彼女の詳しい出自について、朝ドラの主人公モデルとなってからは多くの書物やウェブサイトで紹介されているので、ここでは省く。

養母トミは出雲大社の神官の娘で出雲神話や昔話に詳しく、セツにも子守唄がわりに夜な夜な語って聞かせた。

「昔の話をしてごしない」

それがセツのツボにもハマり、よくそう言って昔話をせがむようになる。ストーリーテラーの才能は、どうやら、彼女から受け継いだようだった。

松江城。八雲はこの城にまつわる「人柱」の怪談を記している
松江城。八雲はこの城にまつわる「人柱」の怪談を記している

成長してからは読書が好きになり、本に書かれた昔話にも熱中した。多くの士族たちと同様に、養父の稲垣金十郎も没落して一家は生活に困窮するようになる。セツは本に書かれている維新以前の昔の話に没頭し、士族たちが幸福だった時代を空想した。
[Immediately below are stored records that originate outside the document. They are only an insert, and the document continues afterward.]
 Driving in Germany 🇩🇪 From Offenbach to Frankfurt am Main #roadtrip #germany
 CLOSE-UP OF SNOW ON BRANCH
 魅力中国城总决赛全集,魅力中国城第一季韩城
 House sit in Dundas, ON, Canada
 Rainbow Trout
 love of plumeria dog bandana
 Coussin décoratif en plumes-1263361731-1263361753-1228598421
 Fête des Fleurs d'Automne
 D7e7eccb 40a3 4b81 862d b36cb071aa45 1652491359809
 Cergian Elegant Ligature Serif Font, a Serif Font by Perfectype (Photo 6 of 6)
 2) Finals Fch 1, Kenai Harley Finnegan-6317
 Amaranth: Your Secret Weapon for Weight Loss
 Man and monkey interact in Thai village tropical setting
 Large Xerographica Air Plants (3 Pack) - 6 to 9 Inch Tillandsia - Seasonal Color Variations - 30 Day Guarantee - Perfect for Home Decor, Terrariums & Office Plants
苦しい現実に背を向け、本の世界に逃げ場を求めていたのだろう。不幸を糧にして養母から受け継いだ才能はさらに大きく育ってゆく。

ダメ男を放っておけない性格?

一家の生活苦は、新しい世に適応できずにニートになってしまった養父の責任が大きい。そのため彼女は小学校下等を卒業してすぐ、機織工場の女工として働くようになる。一家の稼ぎ頭として重労働に明け暮れた。この養父の他にも、彼女のまわりにはダメな男が集まる。

最初に結婚した夫も貧乏を嫌って大阪に逃げた無責任男だった。また、生家の兄弟も働かずセツの稼ぎにたかってくる。だが、セツはそんなダメ男たちを見限ることなく、精一杯のサポートをして世話を焼きつづける。

そしてまた、小泉八雲にもダメ男の要素があったように思う。